AIM OF THE TASK:
Take the line with "I wanted to" and every line after it, through the end of the listing, and give them again exactly, pictures excluded.

SUPPLIED INFORMATION:
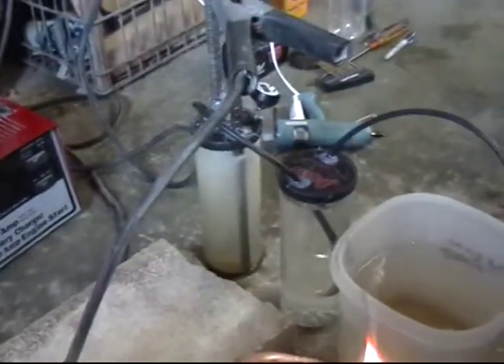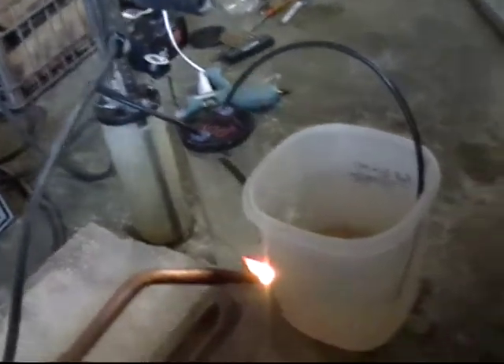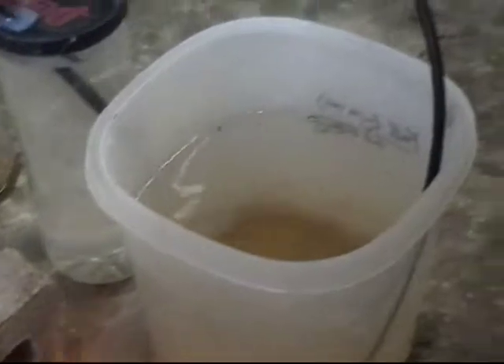This is just a quick video of hydrogen igniting. Here I've got my little hydrogen generator, got it on 30 amps and 12 volts. Got the generator there, the bubbler there, and the end tank here.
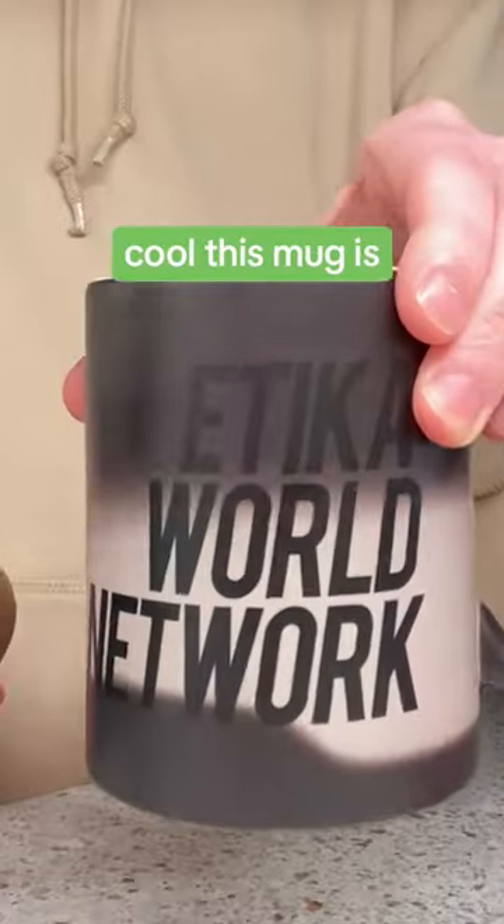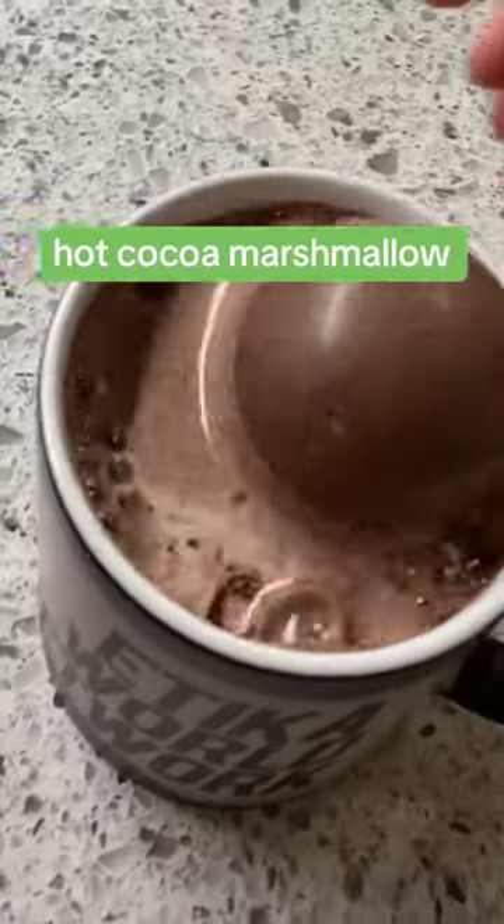I wanted to do it again today to show you how cool this mug is, and even add a hot cocoa marshmallow ball this time.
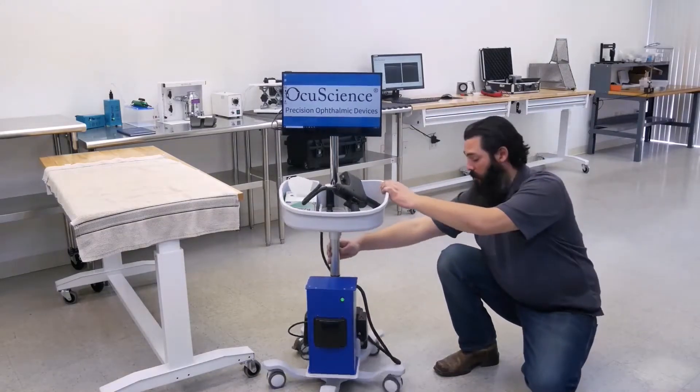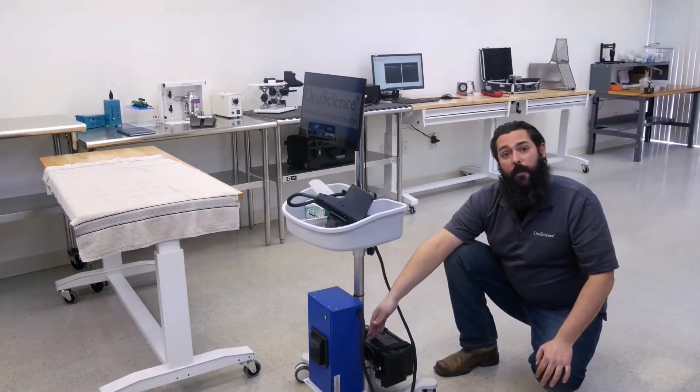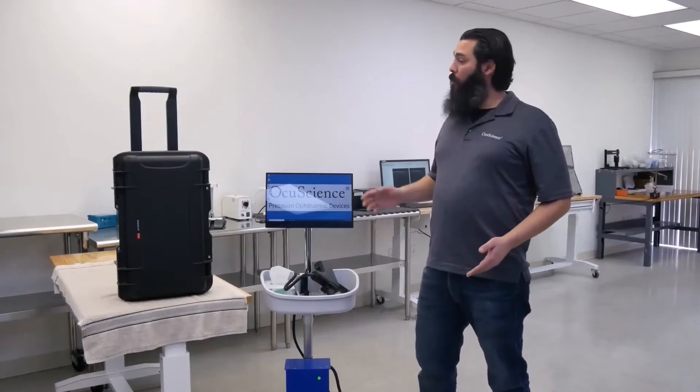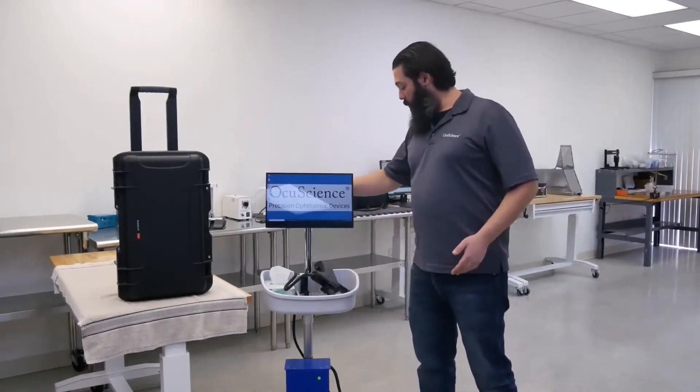Our mobile cart option comes with its own battery pack that gives it up to 45 minutes of runtime out in the field. With our OCT being so small, we're able to put it in a Pelican-style roller case for travel or even mount it to a mobile cart.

ANSWER FOR THE TASK:
I wanted to do it again today to show you how cool this mug is, and even add a hot cocoa marshmallow ball this time.
Our mobile cart option comes with its own battery pack that gives it up to 45 minutes of runtime out in the field. With our OCT being so small, we're able to put it in a Pelican-style roller case for travel or even mount it to a mobile cart.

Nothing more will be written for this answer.